Vous distinguerez l'amitié mondaine de la sainte et vertueuse, comme l'on distingue le miel d'Héraclée d'avec l'autre: le miel d'Héraclée est plus doux à la langue que le miel ordinaire, à raison de l'aconit qui lui donne ce surcroît de douceur. De même l'amitié mondaine produit ordinairement une multitude de paroles doucereuses, de flatteries, de petits mots d'admiration sur la beauté, la bonne grâce et les autres avantages extérieurs; au lieu que l'amitié sainte a un langage simple et franc, et ne peut louer que la vertu et la grâce de Dieu, unique fondement sur lequel elle repose. Le miel d'Héraclée excite dans ceux qui en mangent de grands tournoiemens de tête; et la fausse amitié provoque aussi des espèces de vertiges, qui font chanceler la personne qui en est atteinte dans la voie de la vertu et de la dévotion, la portant à des manières affectées, à de folles démonstrations, à de petites plaintes, à de petits soupçons, à des empressemens outrés, à des prétentions ridicules, et à mille autres choses qui présagent certainement la ruine prochaine de la vertu. L'amitié sainte agit bien différemment: elle n'a que des regards simples et modestes, que des démonstrations pures et franches; toute son ambition est pour le Ciel, tous ses regrets, tout son chagrin est que Dieu ne soit pas assez aimé: marques infaillibles d'une honnêteté parfaite. Le miel d'Héraclée trouble la vue, et l'amitié mondaine trouble si fort le jugement que l'on ne distingue plus le bien et le mal, et que l'on prend pour de vraies raisons les prétextes les plus mal fondés, que l'on craint la lumière et qu'on aime les ténèbres.
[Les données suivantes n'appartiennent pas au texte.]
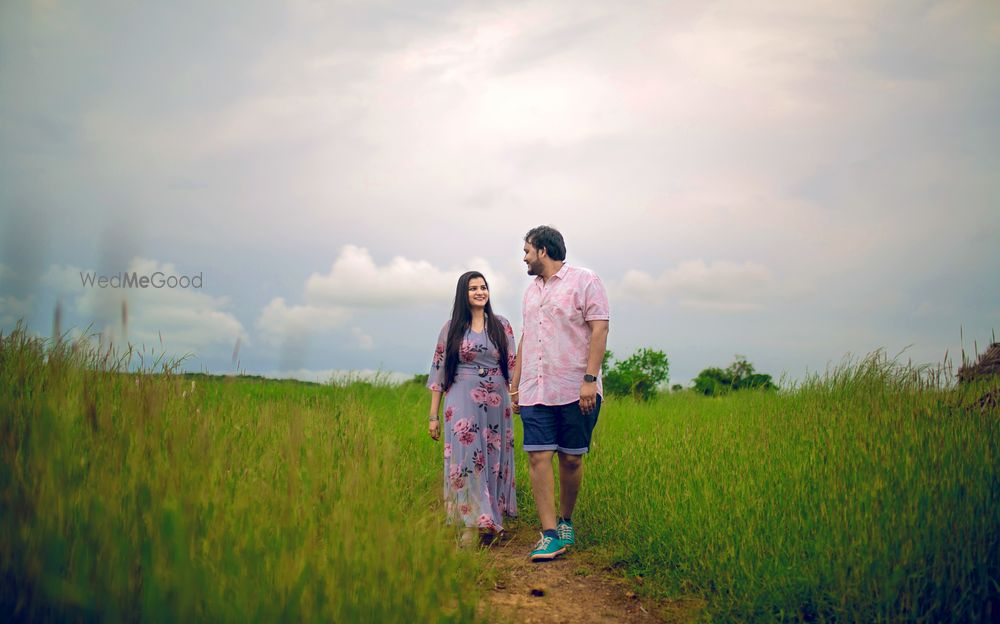 Photo From MUSKAN + ARJUN - By Yellow Red Photography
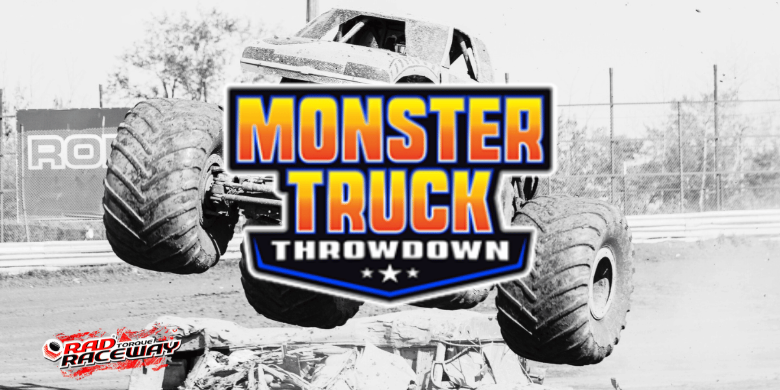 880 CHED Supports Monster Truck Throwdown - image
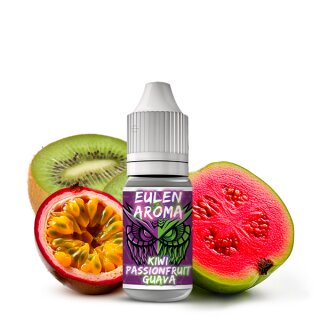 EULEN AROMA Kiwi Passionfruit Guava Aroma 10ml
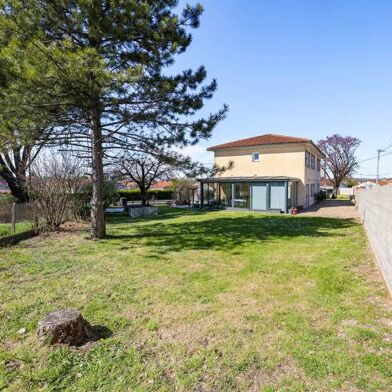 Maison 6 pièces 265000 €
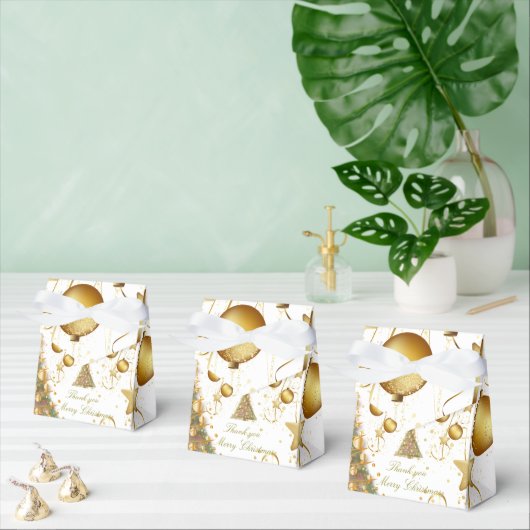 Ventilator Bedankdoosjes (Meervoudige)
L'amitié sainte, au contraire a les yeux clairvoyans, et loin de se cacher, elle se plaît à paroître devant les gens de bien. Enfin le miel d'Héraclée laisse dans la bouche une grande amertume: ainsi les fausses amitiés se terminent ordinairement par des brouilleries, des injures, des impostures, des tristesses, des confusions et des jalousies qui vont souvent jusqu'à l'emportement et le désespoir. Mais la bonne amitié est toujours également douce, polie et aimable; elle ne connoît pas le changement, si ce n'est pour devenir une plus pure et plus parfaite union des esprits et des cœurs; image vive de l'amitié bienheureuse que l'on goûte au Ciel.